## EXERCISE AIM
Your copy should contain exactly the lines from the start of the listing through the line that holds "OCEANMAPDZ กิ๊บติดผม ผ้าชีฟอง", and no pictures.

+--

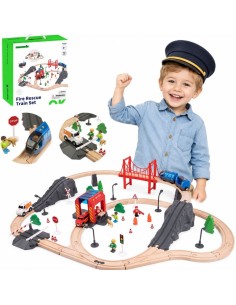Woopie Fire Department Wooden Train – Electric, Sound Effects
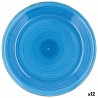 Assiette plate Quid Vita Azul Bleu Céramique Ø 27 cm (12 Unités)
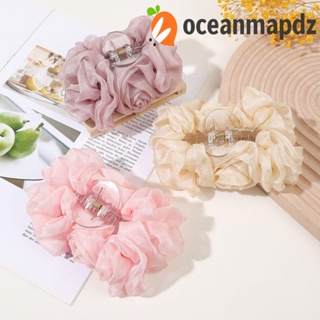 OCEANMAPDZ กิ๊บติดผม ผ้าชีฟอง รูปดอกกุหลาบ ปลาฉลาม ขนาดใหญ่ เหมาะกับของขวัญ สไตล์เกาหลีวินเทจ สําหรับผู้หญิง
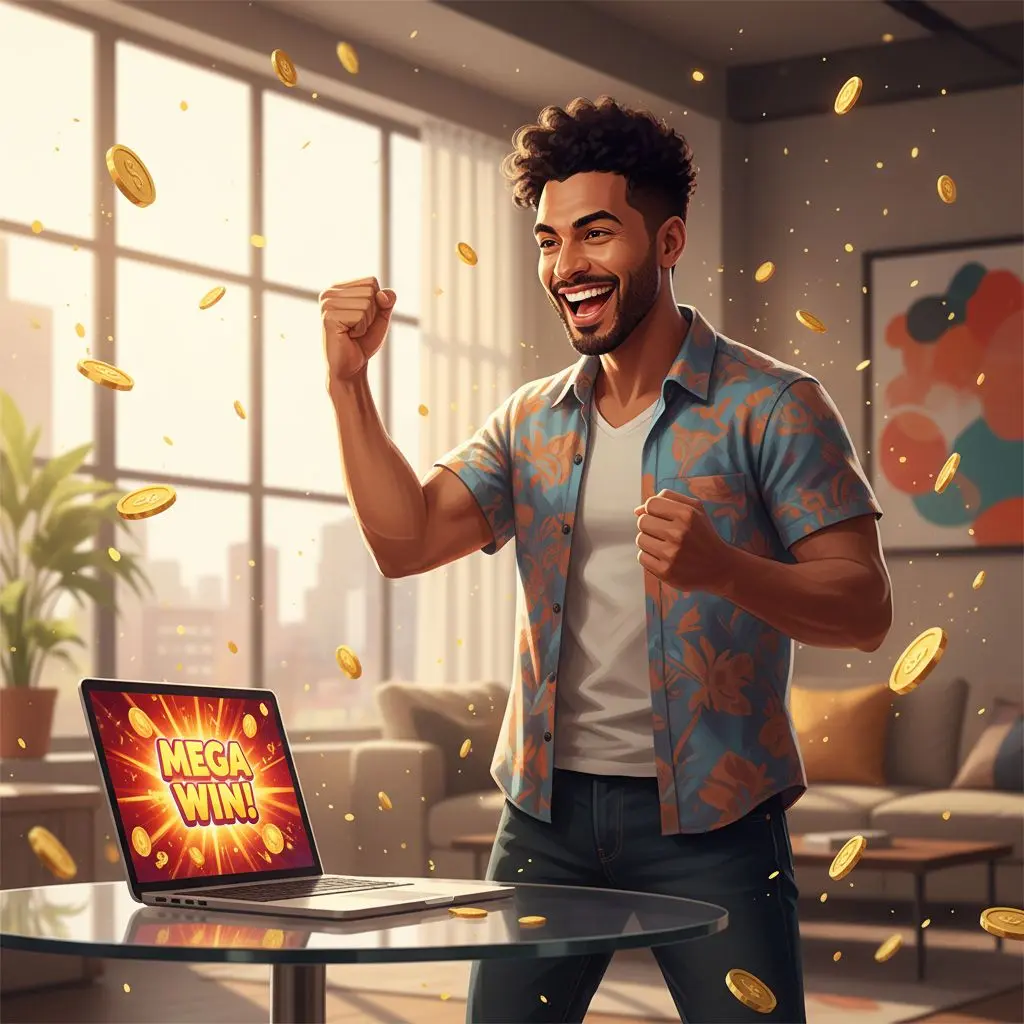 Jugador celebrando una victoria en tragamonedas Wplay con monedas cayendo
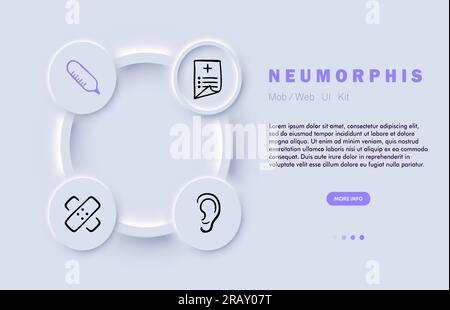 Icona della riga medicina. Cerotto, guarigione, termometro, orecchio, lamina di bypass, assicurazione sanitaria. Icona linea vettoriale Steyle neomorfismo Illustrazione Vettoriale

+--

## FINAL ANSWER
Woopie Fire Department Wooden Train – Electric, Sound Effects
 Assiette plate Quid Vita Azul Bleu Céramique Ø 27 cm (12 Unités)
 OCEANMAPDZ กิ๊บติดผม ผ้าชีฟอง รูปดอกกุหลาบ ปลาฉลาม ขนาดใหญ่ เหมาะกับของขวัญ สไตล์เกาหลีวินเทจ สําหรับผู้หญิง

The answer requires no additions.